Eddie Howe spotted the danger early at Villa and changed the system, bringing on Tino Livramento and ensuring his towering full-back wasn't isolated. It still took him 10 minutes to act and cost Newcastle a goal, but the game was safe with a 3-1 lead and the Magpies held out.
On BBC commentary duties against Luton on Saturday I suggested there might be a Bill Murray Groundhog Day moment looming just five minutes into the game.
It was a day late perhaps as the real Groundhog Day in Punxsutawney, Pennsylvania was the day before, but Howe had to sacrifice Burn quickly before history repeated itself. Amazingly, he didn't.
I was convinced he would change it at half-time, but he still didn't. By the time he did sub Burn, after the home crowd pleaded for him to do it, 2-2 had become 2-4 with both goals coming from the left. Why did he wait? Howe is a quality coach - he must have seen the problem.

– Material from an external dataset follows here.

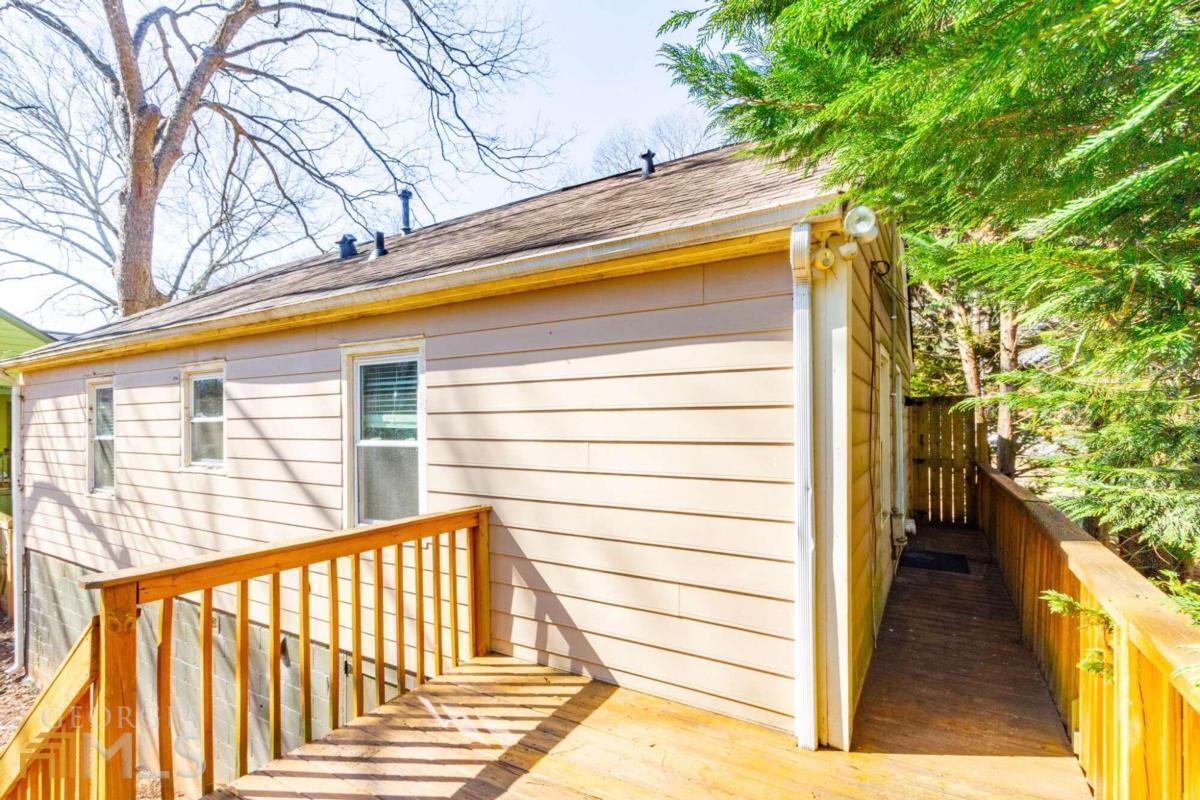 794 Maynard Terrace SE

Was it that rarest of things in the Premier League, a show of sympathy? To hook club stalwart Burn would be an embarrassment to him and everyone including me likes the honest big defender.
Sadly, there is no room for sentiment in elite competitive sport and I suspect Howe will never do it again. In any case, he wasn't doing the player any favours leaving him out there to suffer.